Of course, the conjunction of Hitchens and Jefferson warrants a reading, and readers will find Hitchens willing to paint an honest portrait of a fascinating figure. But despite his criticism of longstanding hagiographies, one gets a sense that Jefferson is let off the hook a bit too quickly on a few points. Indeed, having just finished Hitchens' Why Orwell Matters, I was surprised at the degree to which Hitchens was more suspicious and iconoclastic with respect to Orwell and more inclined to charitable, benefit-of-the-doubt interpretations when it came Jefferson (particularly on matters of slavery--if Jefferson "half-abominated" slavery, did he not also half-embrace it? One wonders if the latter significantly cancels out the rhetoric of the former). This seems especially true after having just emerged from Gore Vidal's less flattering account of Jefferson through the eyes of Aaron Burr (in Burr).
Hitchens' charity toward Jefferson stems, I would suggest, from a kind of apologetic project. As becomes clear in the book, Hitchens is looking to this "author" of America as a historical validation of his own endorsement of the Bush administration's unilateralism and neo-conservative foreign policy. This is coupled with Hitchens' sympathy with Jefferson's antipathy to institutional religion of any stripe. Both of these are combined in the opening pages where Hitchens notes that Jefferson "trenchantly restated the view that the American Revolution was founded on universal principles, and was thus emphatically for export. He laid renewed stress on the importance of science and innovation as the spur of Enlightenment, and scornfully contrasted this with more faith and credulity" (p. 3). That, in a nutshell, is the gist of why Jefferson matters today. Thus he ends on the same note (pp. 187-188).
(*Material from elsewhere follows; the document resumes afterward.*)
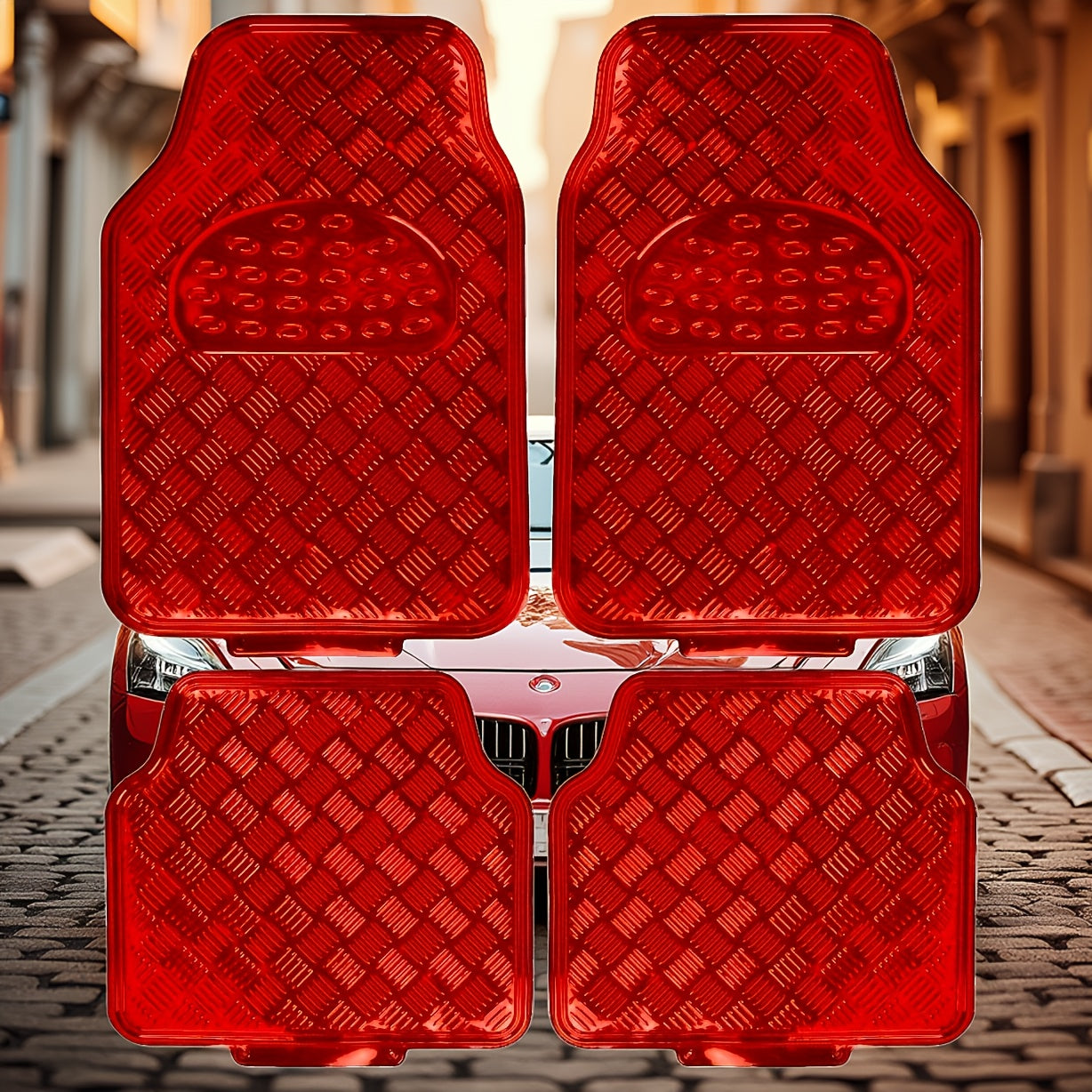 Molded Car Floor Mats, Four-Piece Front and Rear Set in Seven Solid and Carbon-Look Color Options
This dual emphasis on exportation of the American experiment and anti-religious sentiment is crystallized in Hitchens' enlightening analysis of an oft-overlooked episode in American (or Western) history: The Barbary Wars. Their re-description today is charged with a sense of repetition: the scene involves rogue 'nations' (Algiers, Morocco, Tripoli) controlled by "Muslim autocracies" terrorizing the coasts and shipping lanes of Europe and, increasingly, the young American Republic. (Hitchens especially highlights the Barbary appeals to the Koran and what amounts to sharia law.) In the face of Barbary barbarism, Thomas Jefferson emerges (in Hitchens' tale) as the, well, 'resolute' cowboy who refuses tribute and commands the outfitting of a naval squadron. Faced with a Saddam-like nuisance in Yusuf Karamanli, Jefferson "coolly decided to take this latent delcaration of war at face value. He secured agreement from his cabinet on the dispatch of a squadron, and further determined not to trouble Congress with the matter" (p. 133). In short, Jefferson's decision was unilateral even from a domestic perspective (and quite likely illegal), but that all receives a wink and a nod from Mr. Hitchens because of the spectacular results: "Over the next four years, the Barbary coast was effectively 'pacified' by a unilateral American expedition. [...] In essence Jefferson's policy was an unalloyed triumph for peace, and the freedom of trade from blackmail, through the exercise of planned force" (133, 135). One almost wonders if Jefferson landed on the deck of the USS Constitution with a banner proclaiming "Mission Accomplished."
It's hard to tell whether we're getting Thomas Jefferson in George Bush's image, or vice versa. In either case, it seems that the price of Hitchens' being "right" about America's various current wars involves a loss of his independent streak--and hagiography by other means.